Há ainda 144 pessoas que continuam desaparecidas

O Corpo de Bombeiros Militar de Minas Gerais localizou dois corpos de ontem (16) para hoje (17) em Brumadinho, onde uma barragem da mineradora Vale se rompeu. Um corpo estava próximo à Instalação de Tratamento de Minério (ITM) e o outro, na região do Remanso 2. Fragmentos de corpos também foram localizados pelas equipes nas últimas horas.

“Uma ação muito importante que iniciamos no dia de hoje foi o rompimento estrutural [demolição] da estrutura colapsada da ITM com maquinário pesado, inclusive com tesoura hidráulica”, informou a corporação.
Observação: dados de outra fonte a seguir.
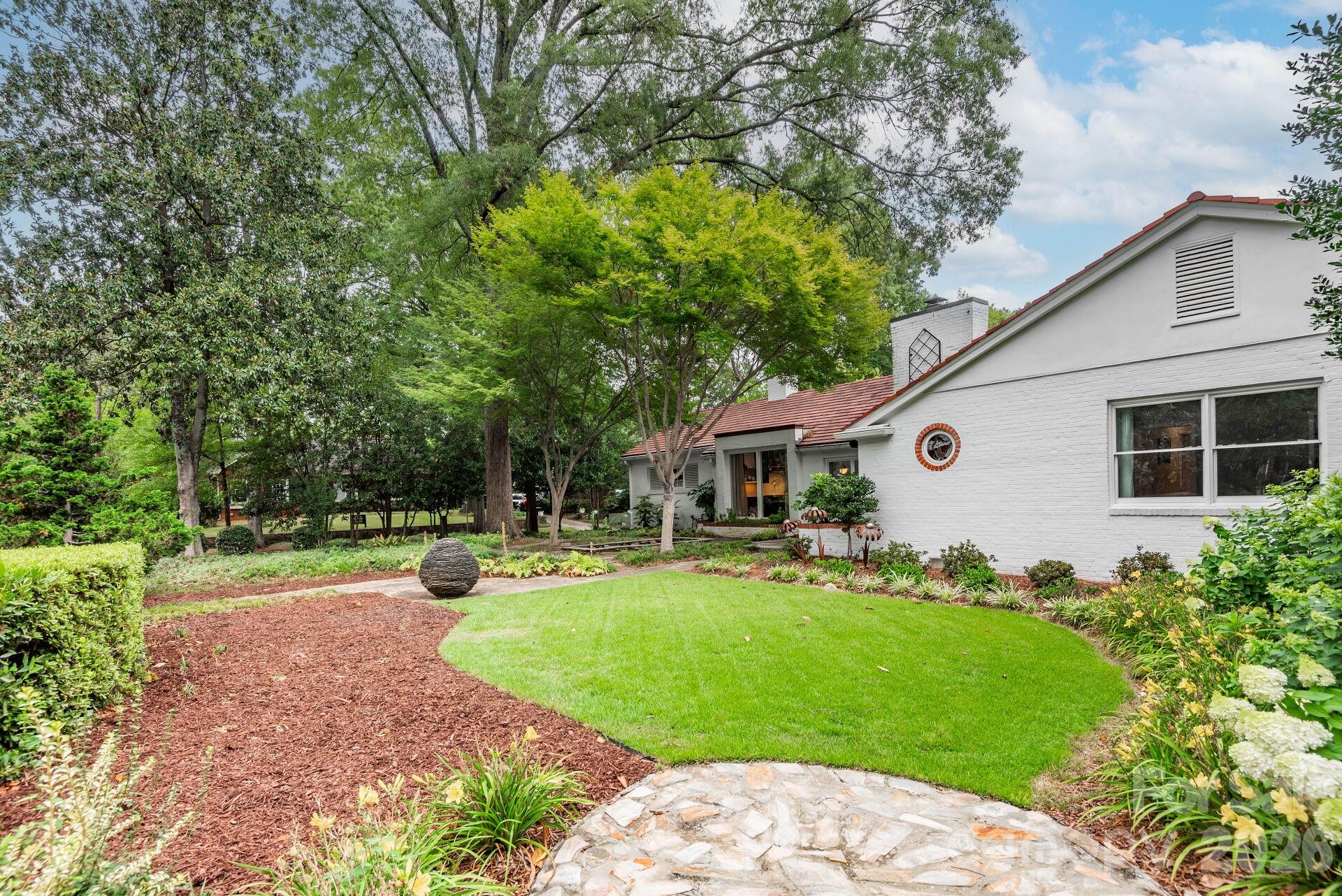 1101 Belgrave Place — Charlotte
Esse tipo de acesso, segundo o corpo de bombeiros, é importante na localização de eventuais corpos que estejam em locais até então inacessíveis.

“É um trabalho meticuloso, uma vez que existem cilindros de acetileno e GLP [gás liquefeito de petróleo] no local e atmosferas que demandam utilização de equipamentos especiais para respiração”, acrescentou o texto.

O último balanço da corporação, de sexta-feira (15), aponta que a tragédia no município mineiro deixou, até o momento, 166 mortos – todos já identificados. Há ainda 144 pessoas, entre funcionários da Vale, terceirizados que prestavam serviços à mineradora e membros da comunidade, que continuam desaparecidas.